[Provided material]
*** Block opens ***

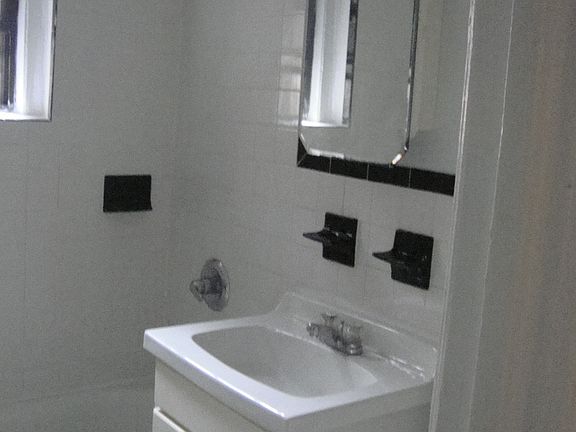 4th image of 28 Bedford Park Blvd E APT C2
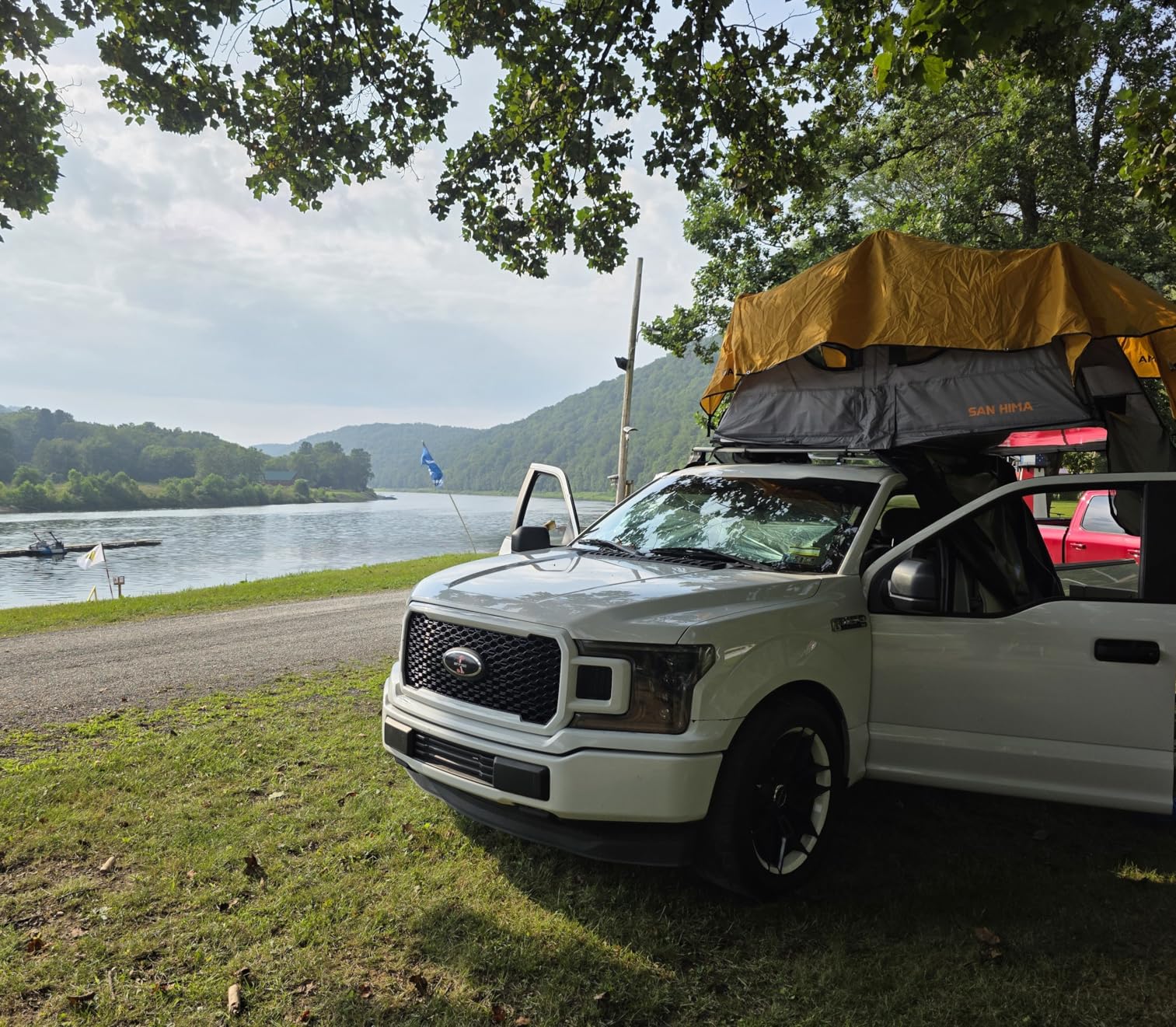 SanHima Rooftop Tent Soft Shell - Alpine Overland Aluminium Roof Top Tent w/Soft Cover, 360° Skyview Windows, 81.4LBS Lightweight Roof Tent for Car SUV Truck Camping, 2-3 People Tent - Customer Photo 1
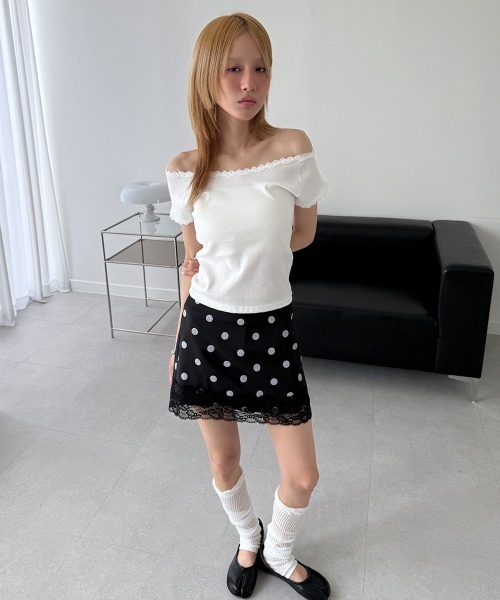 4INT.(フォイント)の「アシメ レース オフショルダー 2way クロップド 半袖 Tシャツ(Tシャツ/カットソー・レディース・ブラック/ホワイト・FREE)」の20枚目の写真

*** Block closes ***

The listing is to be repeated exactly, with its pictures removed.

[Result]
 4th image of 28 Bedford Park Blvd E APT C2
 SanHima Rooftop Tent Soft Shell - Alpine Overland Aluminium Roof Top Tent w/Soft Cover, 360° Skyview Windows, 81.4LBS Lightweight Roof Tent for Car SUV Truck Camping, 2-3 People Tent - Customer Photo 1
 4INT.(フォイント)の「アシメ レース オフショルダー 2way クロップド 半袖 Tシャツ(Tシャツ/カットソー・レディース・ブラック/ホワイト・FREE)」の20枚目の写真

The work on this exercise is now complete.